There are a couple of easy ways to check the legitimacy of someone’s profile pictures.  In Firefox, you can right-click and choose “View Image Info,” which will show the source of an image.  If it’s filled with copyright information, you have a catfish.  In Chrome you can right-click and choose “Search Google for Image.”  If the picture shows up on a random person’s page (or worse yet, on several pages with different names), you have a catfish.  You can do the same in any browser by going to Google’s reverse image search tool and searching that picture. 

Communication Is Always at Arms-Length

Here’s another big red flag:  How do you communicate with your new acquaintance? Can you just pick up the phone and chat or do a quick video call on Zoom or Facebook Messenger?  Or do you only ever communicate through written messages?  Do in-person meetings always seem to hit a roadblock at the last minute? 

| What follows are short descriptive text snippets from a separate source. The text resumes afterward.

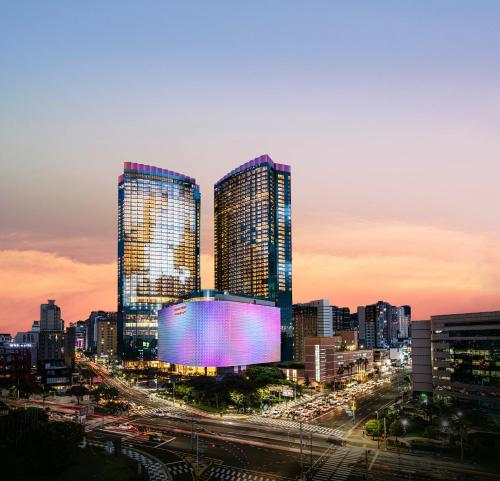 un perfil urbano con rascacielos altos al atardecer en Grand Hyatt Jeju en Jeju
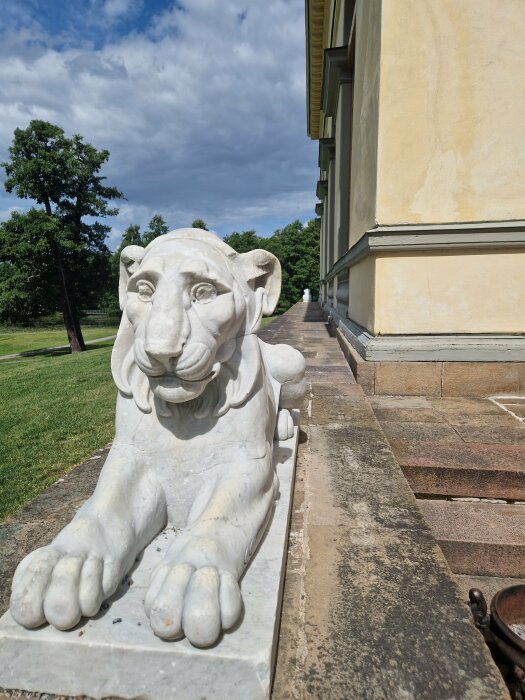 Staty av en liggande lejon vid en byggnads fasad, med gröna träd och blå himmel i bakgrunden.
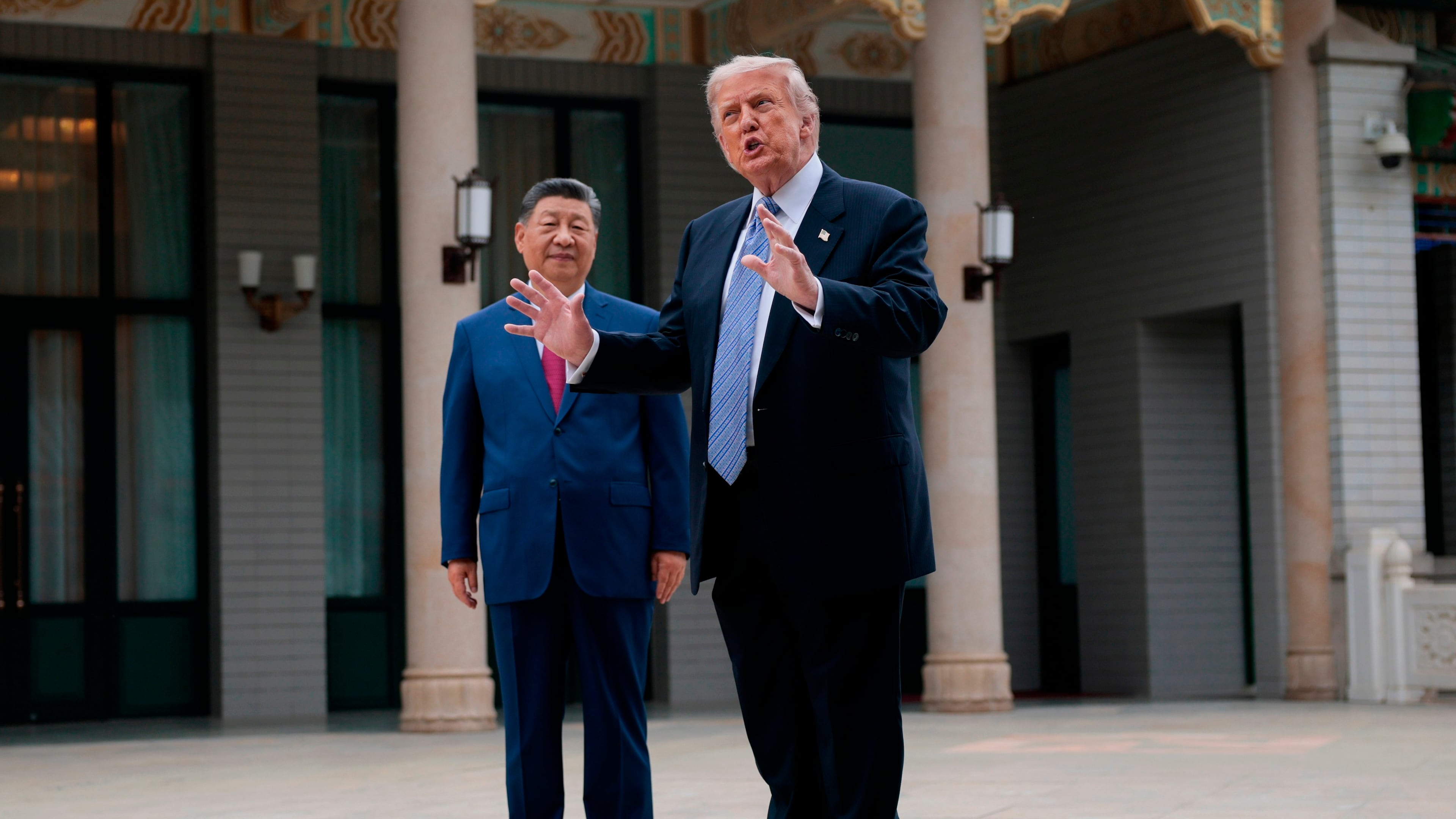 U.S. President Donald Trump, right, gestures as he speaks next to Chinese President Xi Jinping during a visit to the Zhongnanhai Garden in Beijing, China, Friday, May 15, 2026. (Evan Vucci/Pool Photo via AP)
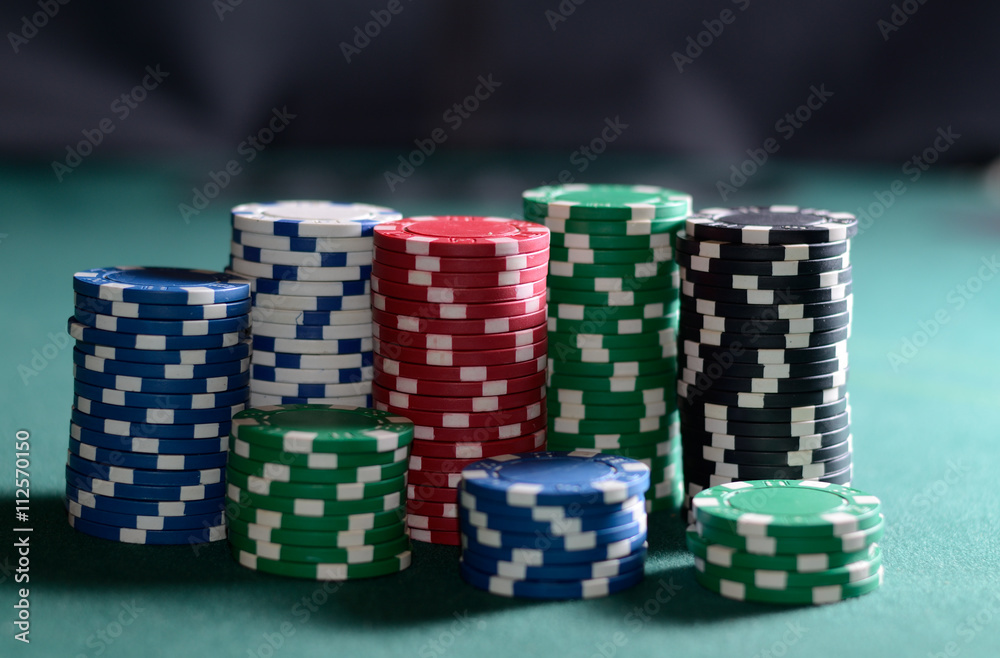 Stack of poker chips on a green table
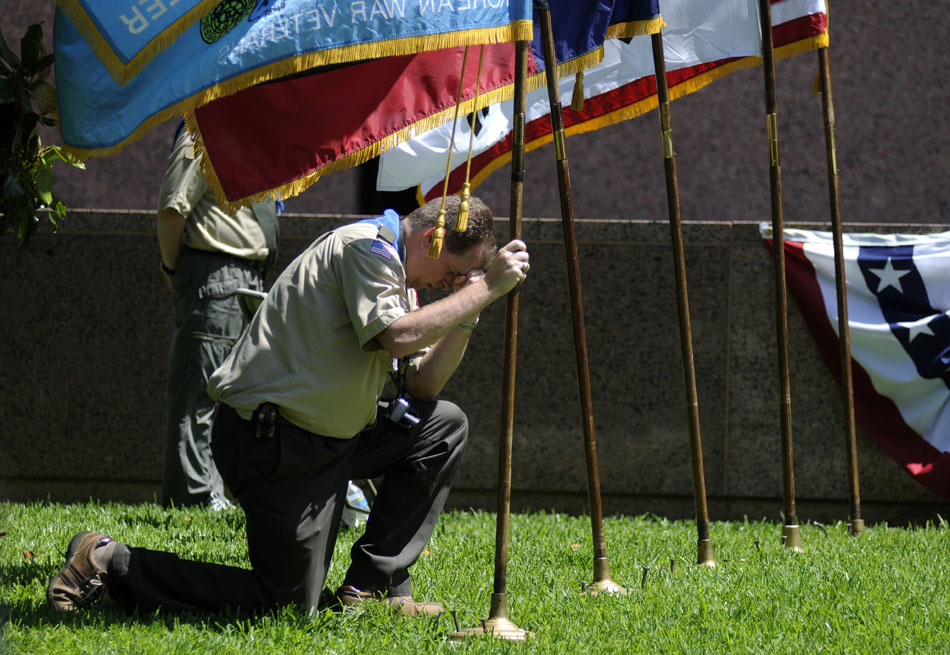 Boy Scouts Troop 408 scoutmaster Brian McGill bows his head in prayer while holding a flag during a ceremony marking the 60th Anniversary of the start of the Korean War at the Texas Korean War Veterans Memorial on Friday, June 25, 2010.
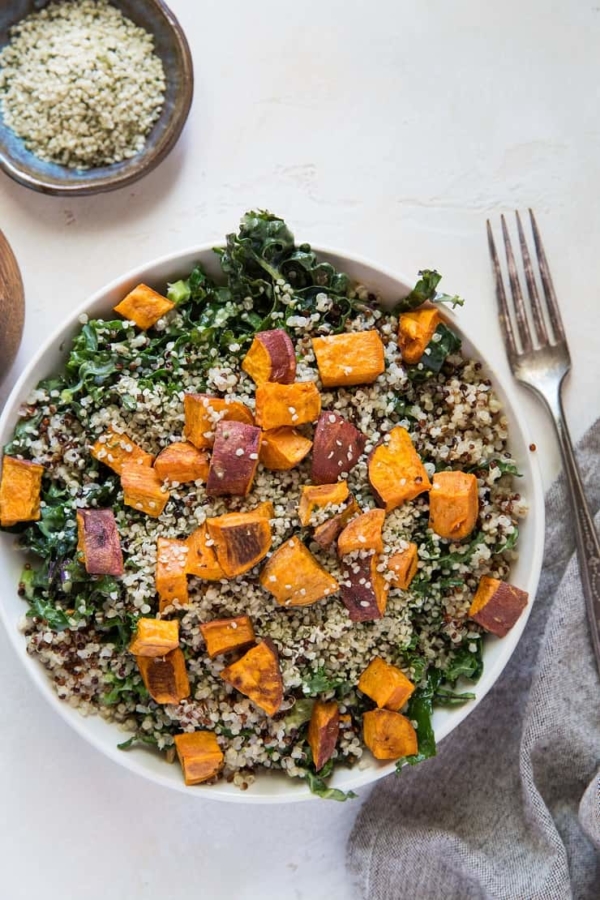 Roasted Sweet Potato Kale Salad with Quinoa, hemp seeds, and honey mustard dressing | TheRoastedRoot.net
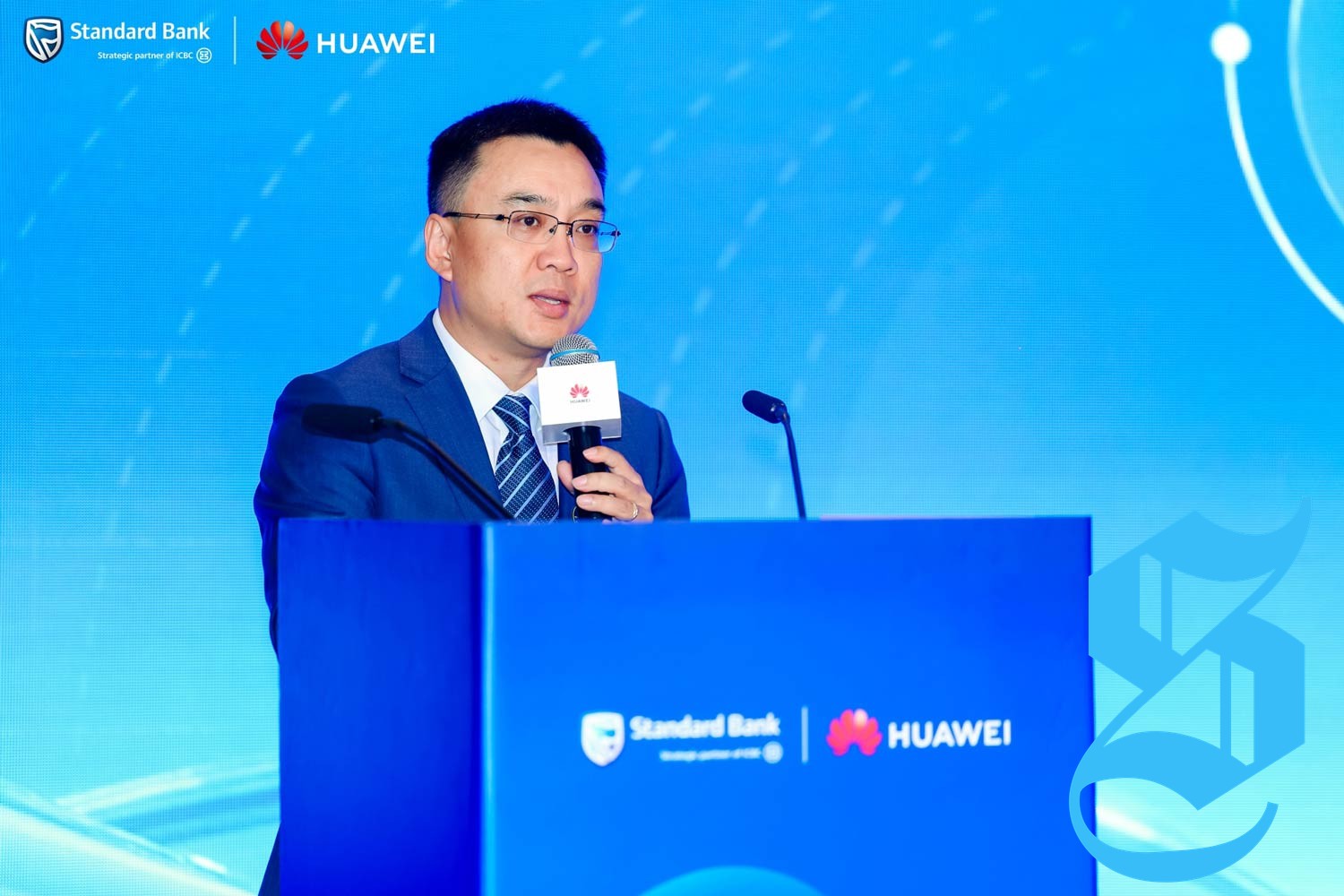 Executives expressing the future vision for Standard Bank and Huawei partnership.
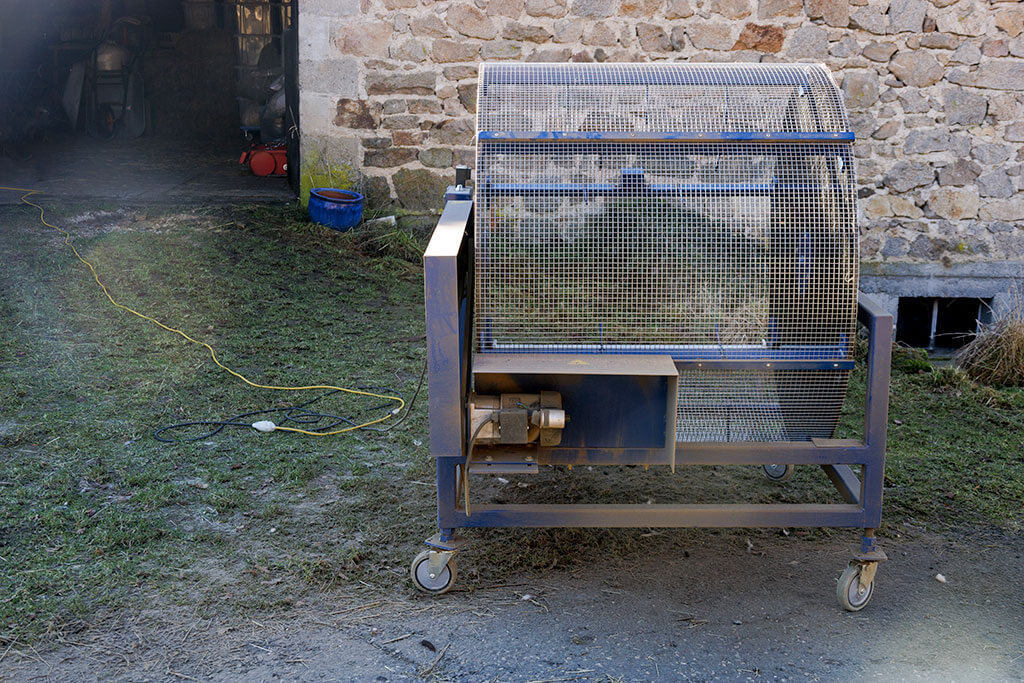 Machine à dépoussiérer la laine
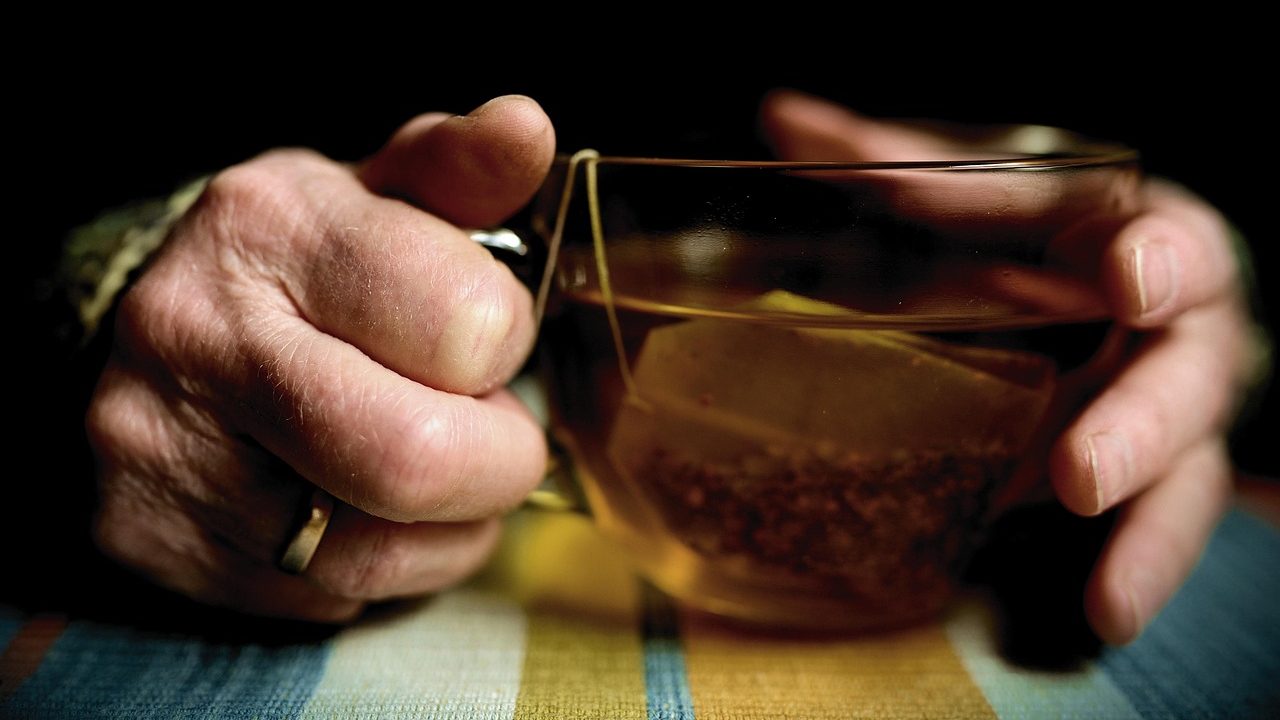 Les mains d'une personne âgée qui tiennent une tasse de tisane
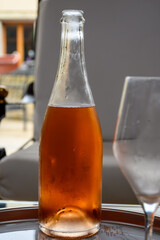 Tasting of grand cru sparkling rose wine with bubbles champagne in old champagne house in grand cru wine producer small village Ambonnay, Champagne, France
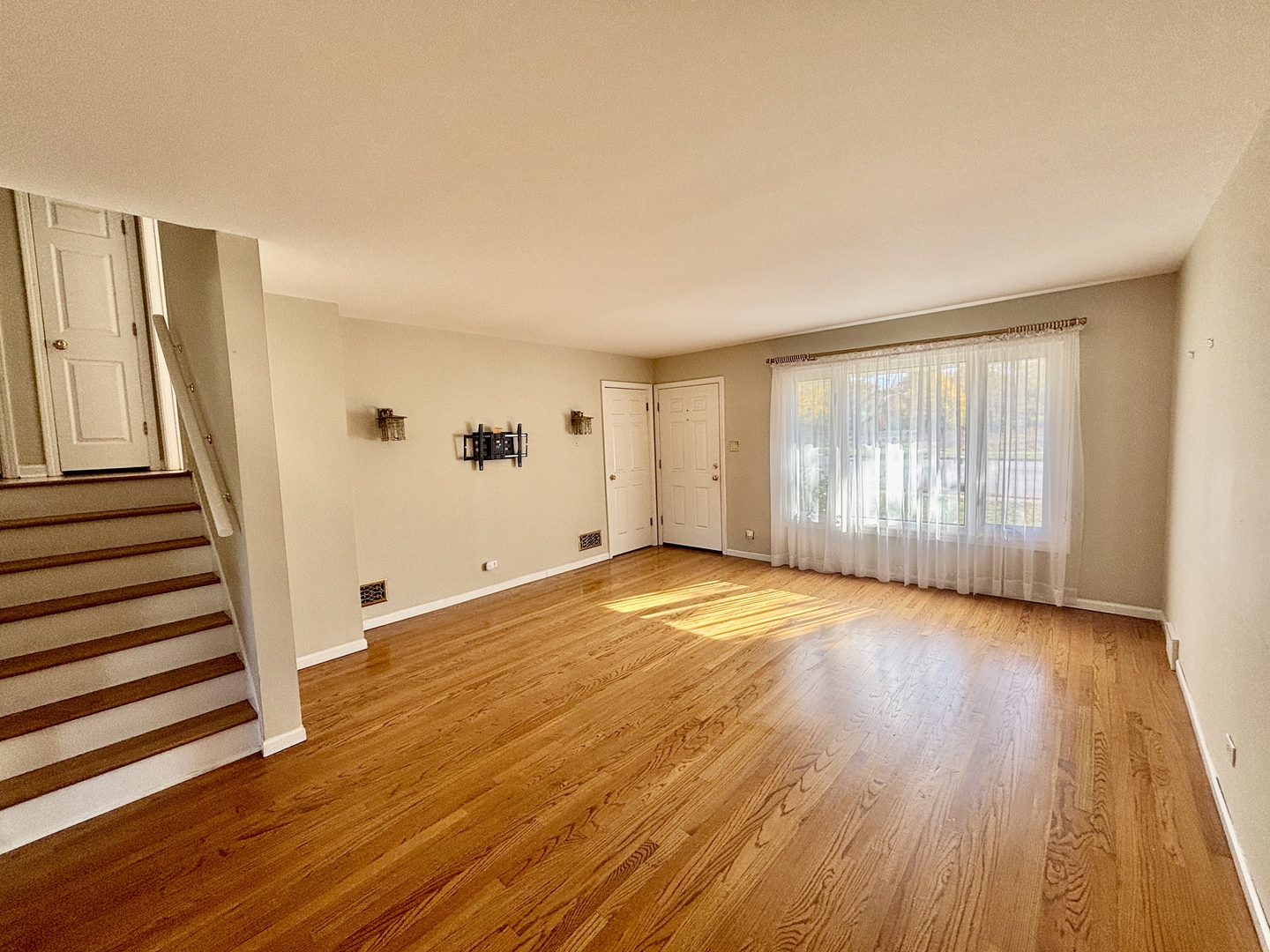 758 Maple Avenue Lisle, IL 60532 - Photo 5 of 31 an empty room with wooden floor and stairs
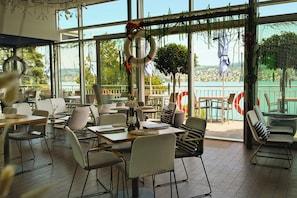 Een restaurant met uitzicht op een meer, met tafels en stoelen voor diners.
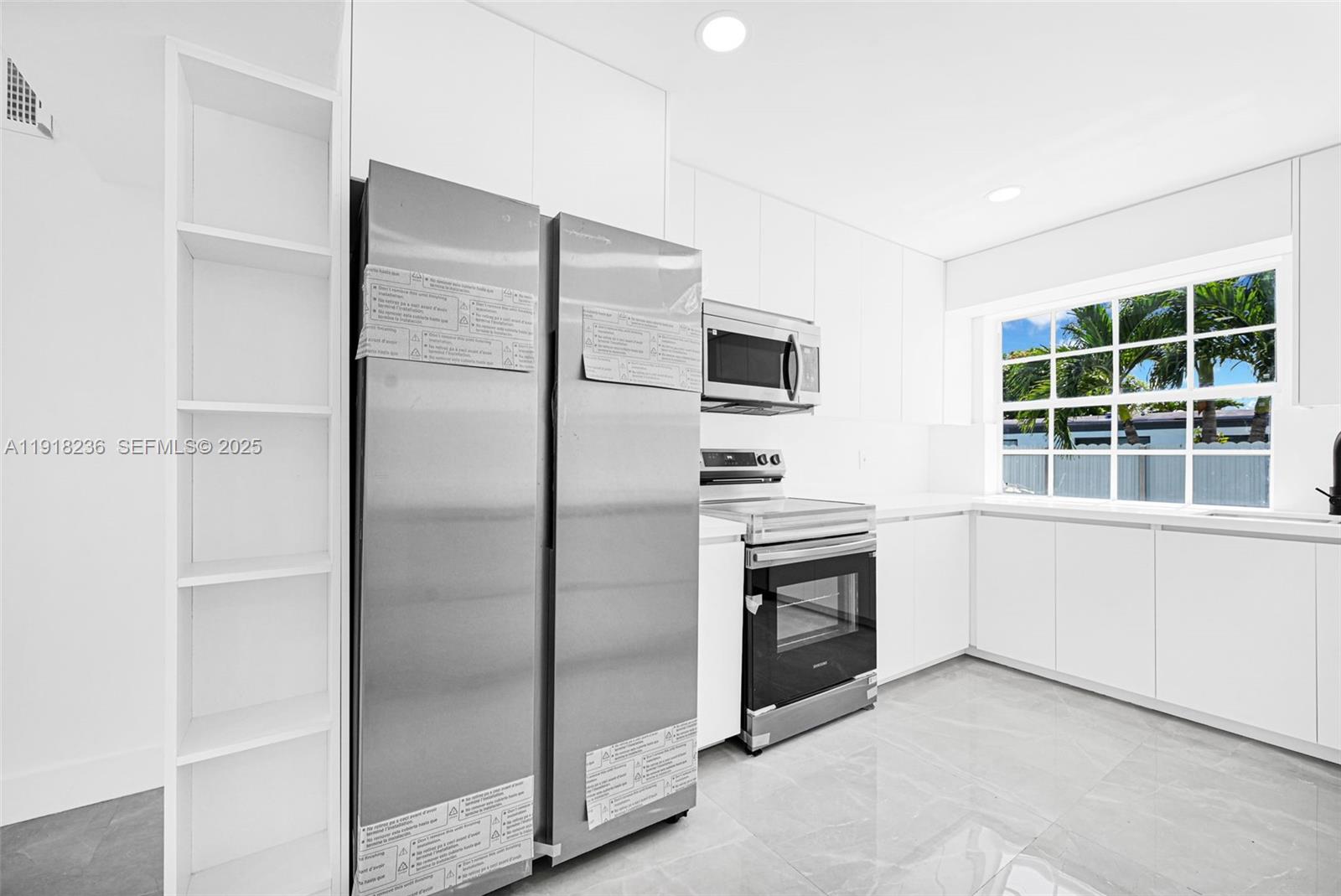 4040 Southwest 108th Avenue Miami, FL 33165 - Photo 2 of 29 a kitchen with a refrigerator and a sink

These are all serious warning signs that you have a catfish.  Pretending to be someone you’re not means you can’t show your real face or, sometimes, even chat with your real voice.  The excuses are often plausible (that’s why “I’m deployed overseas” is a staple with catfish), but it’s still a danger sign if they won’t be on-camera with you in real time. 

The Money Thing Happens

One final red flag is that you find yourself sending money to someone you’ve never met in person.   Sometimes they’ll flat-out hit you up for funds (“My car broke down and I can’t get to work”); other times they’ll be more artful and just mention a difficulty in passing (“…pulling some extra shifts this weekend…” or “…my car/ex’s car/sister’s car needs some work…”) which creates an opportunity for you to step up and be that good friend by helping out. 

Not every catfishing scheme comes down to money (or gifts), but a lot of them eventually do.

Confirming You’re Being Catfished

If any of those potential “red flags” resonated for you or confirmed your own gut feeling that something wasn’t quite right, it’s time to drill down a little further.  If you have any mutual friends on social media, for example, check if anyone actually knows this person or whether it was a random friend/follow request.  You might also check an online source like the BBB’s Scam Tracker to see whether the story you’ve been given is a match for current scams. 

This is also the right time to use Spokeo’s people search tools to confirm (or dispel) your suspicions.  Search the information you have, whether it’s a name, a phone number, an email address or a physical address.  From those search results, you’ll usually be able to determine very quickly whether a person of that name is associated with that address or phone number.  If not, you’ve probably caught a catfish.

You’ve Caught a Catfish.  Now What? 

If you’re pretty sure you’ve caught a catfish, the next question is what to do about it.  If your only cost up to this point is emotional, your best bet is simply to walk away.  “Ghost” them, block them and move on.  A goodbye message just opens the door to more excuses and rationalizations, and remember:  Scammers are really, really good at manipulating your emotions.  It’s how they make their living.  Much better to just close that door. 

You might also wish to report that person (or more accurately, persona) to the site where you met, backing up your report with any hard evidence you’ve gathered — scraped photos, a phone number or email address that trace back to a different person — to show deliberate deception.  Many major sites don’t allow anonymous “sock puppet” accounts, especially if there’s a chance they’re bent on fraud. 

The calculus changes if you’ve already been defrauded, even of small amounts.  In those situations, it’s appropriate to file complaints with law enforcement and the FTC.  You’re unlikely to ever get your money back, but you’ll at least have the satisfaction of making it more difficult for the scammer in future.